▸ **Task brief**: Every record here must be copied exactly, except for the images it holds.

━━━━━━

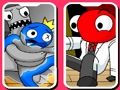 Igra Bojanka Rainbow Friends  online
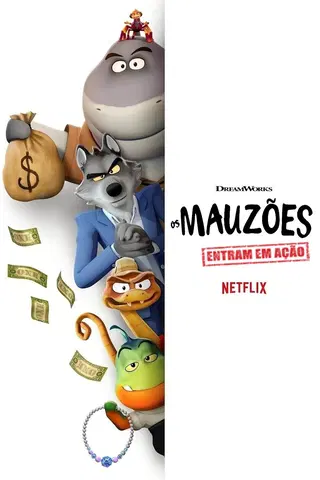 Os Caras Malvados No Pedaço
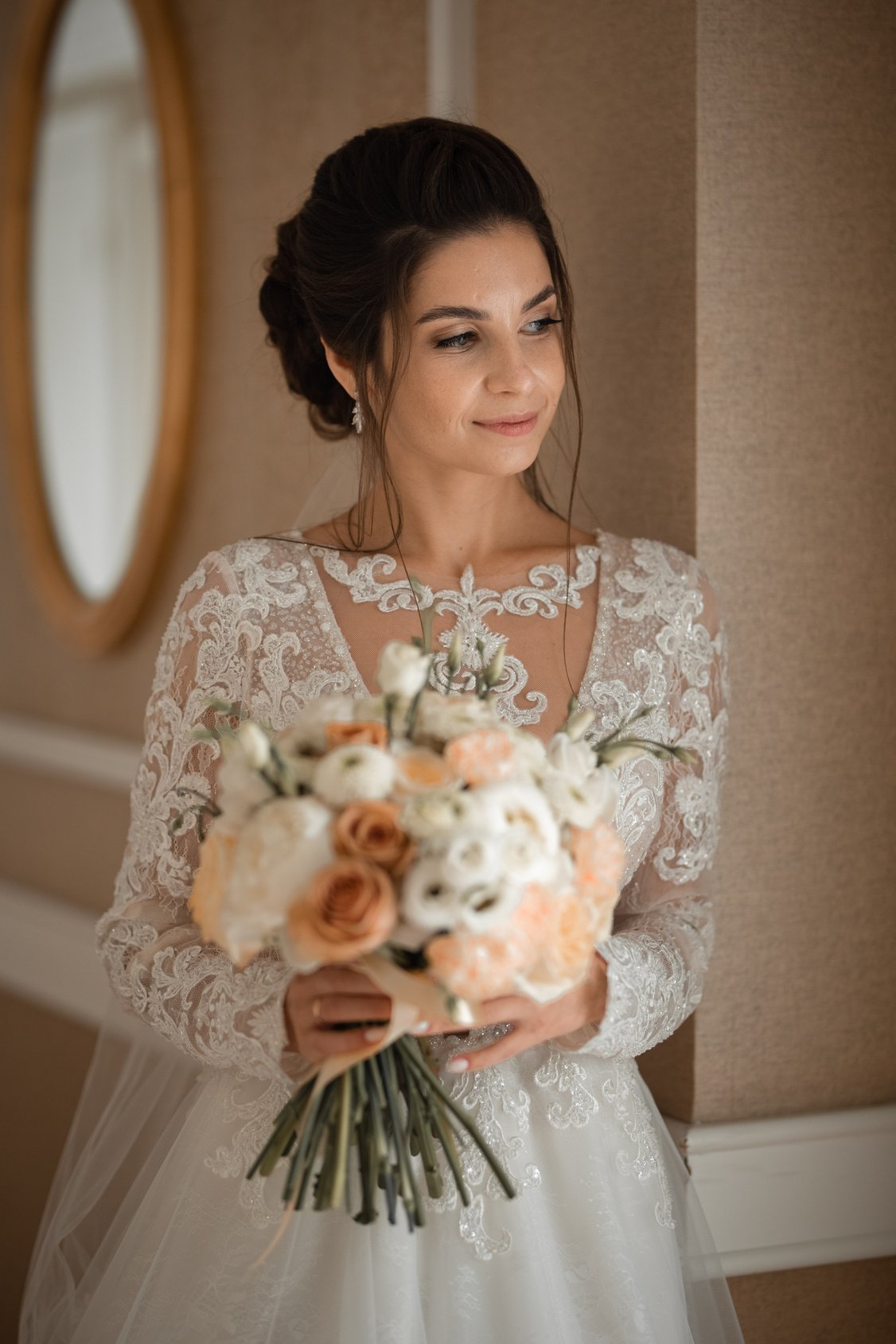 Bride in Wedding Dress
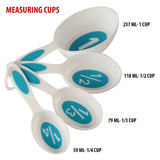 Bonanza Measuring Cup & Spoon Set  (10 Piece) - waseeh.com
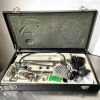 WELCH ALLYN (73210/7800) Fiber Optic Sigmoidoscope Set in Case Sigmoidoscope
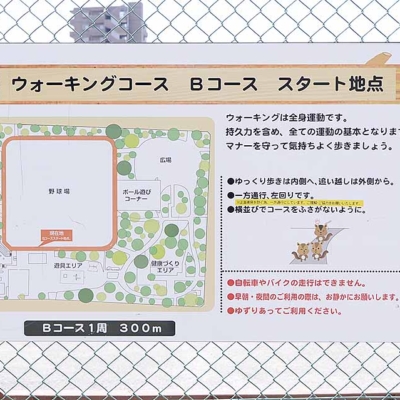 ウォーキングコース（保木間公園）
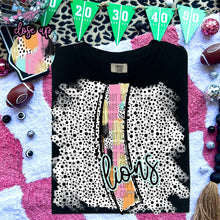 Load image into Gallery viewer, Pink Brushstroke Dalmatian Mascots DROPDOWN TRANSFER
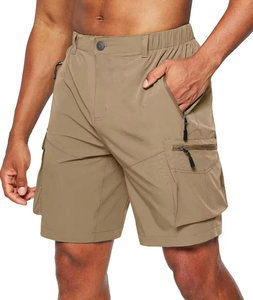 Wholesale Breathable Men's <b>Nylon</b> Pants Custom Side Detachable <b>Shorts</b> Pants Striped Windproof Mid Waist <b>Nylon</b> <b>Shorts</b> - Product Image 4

━━━━━━

▸ **Task output**:
 Igra Bojanka Rainbow Friends  online
 Os Caras Malvados No Pedaço
 Bride in Wedding Dress
 Bonanza Measuring Cup & Spoon Set  (10 Piece) - waseeh.com
 WELCH ALLYN (73210/7800) Fiber Optic Sigmoidoscope Set in Case Sigmoidoscope
 ウォーキングコース（保木間公園）
 Load image into Gallery viewer, Pink Brushstroke Dalmatian Mascots DROPDOWN TRANSFER
 Wholesale Breathable Men's <b>Nylon</b> Pants Custom Side Detachable <b>Shorts</b> Pants Striped Windproof Mid Waist <b>Nylon</b> <b>Shorts</b> - Product Image 4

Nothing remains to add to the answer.